● **Task requirements**:
Write the listing out again exactly as it stands, with no images.
----- Supplied data -----
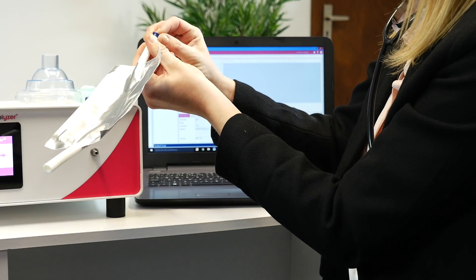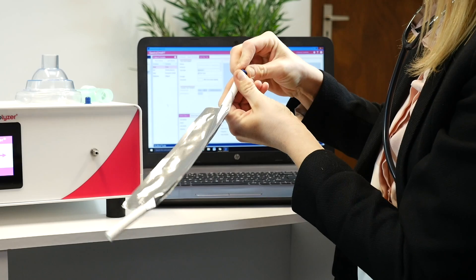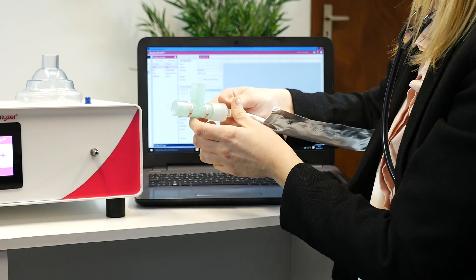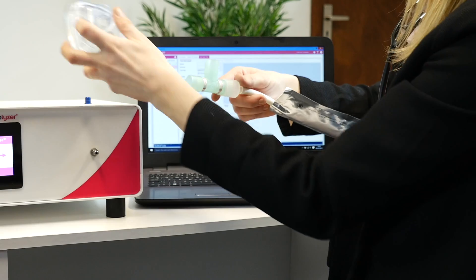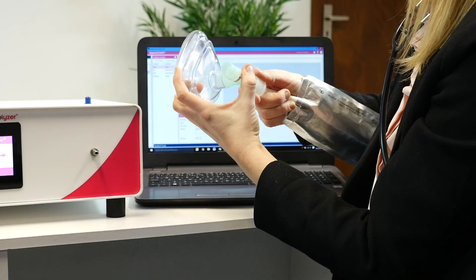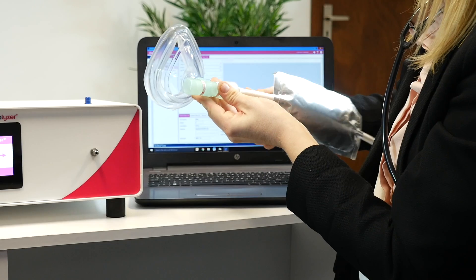For infants or patients who struggle to hold their breath, there is also the option for a face mask breath test. Insert a blue plug into one end of the breath bag and insert the other end into the face mask adapter, then attach the face mask. The patient should breathe normally into the face mask until the breath bag is filled.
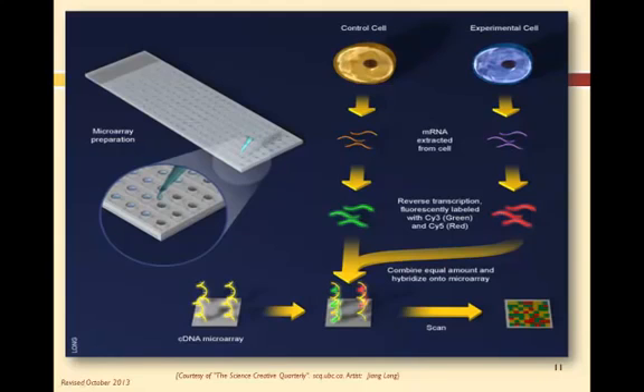The tagged samples are then combined and washed over the DNA microarray. When a copy in one of the samples finds a match or a complementary DNA oligoprobe, hybridization occurs and a double-stranded DNA molecule is left on the surface of the array. The array is then scanned to see on which features hybridization occurred, and thus which gene sequences were identified.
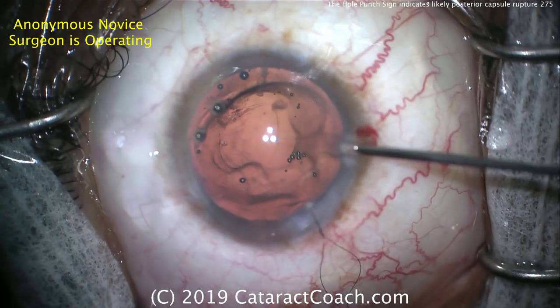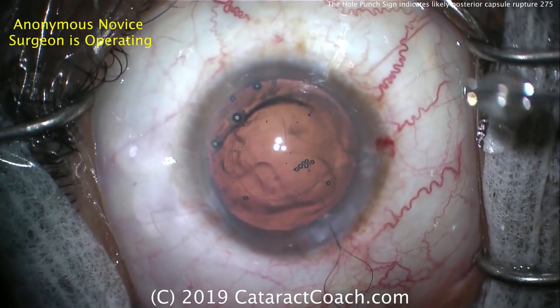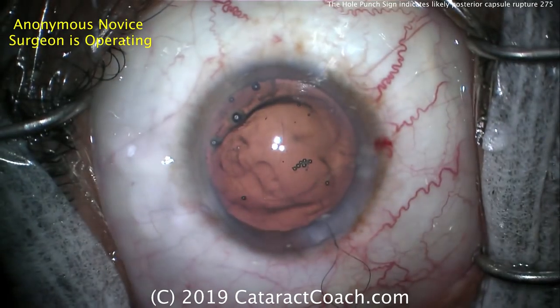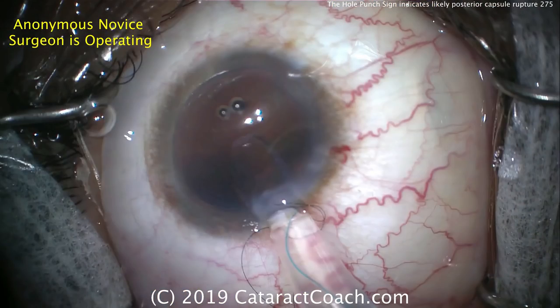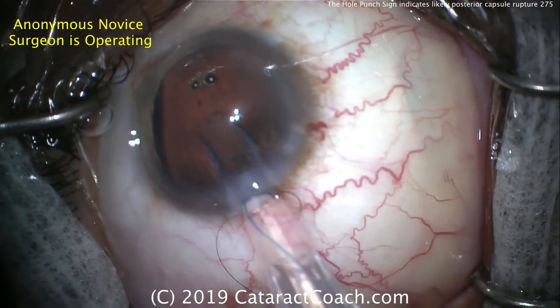We have to watch these patients very carefully. More viscoelastic is going into the eye to create a tamponade — I like that, that's a good move. Let's fast forward. Here's now the insertion of the lens — a three-piece lens can be placed in the sulcus.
-----
● **Your solution**:
For infants or patients who struggle to hold their breath, there is also the option for a face mask breath test. Insert a blue plug into one end of the breath bag and insert the other end into the face mask adapter, then attach the face mask. The patient should breathe normally into the face mask until the breath bag is filled.
The tagged samples are then combined and washed over the DNA microarray. When a copy in one of the samples finds a match or a complementary DNA oligoprobe, hybridization occurs and a double-stranded DNA molecule is left on the surface of the array. The array is then scanned to see on which features hybridization occurred, and thus which gene sequences were identified.
We have to watch these patients very carefully. More viscoelastic is going into the eye to create a tamponade — I like that, that's a good move. Let's fast forward. Here's now the insertion of the lens — a three-piece lens can be placed in the sulcus.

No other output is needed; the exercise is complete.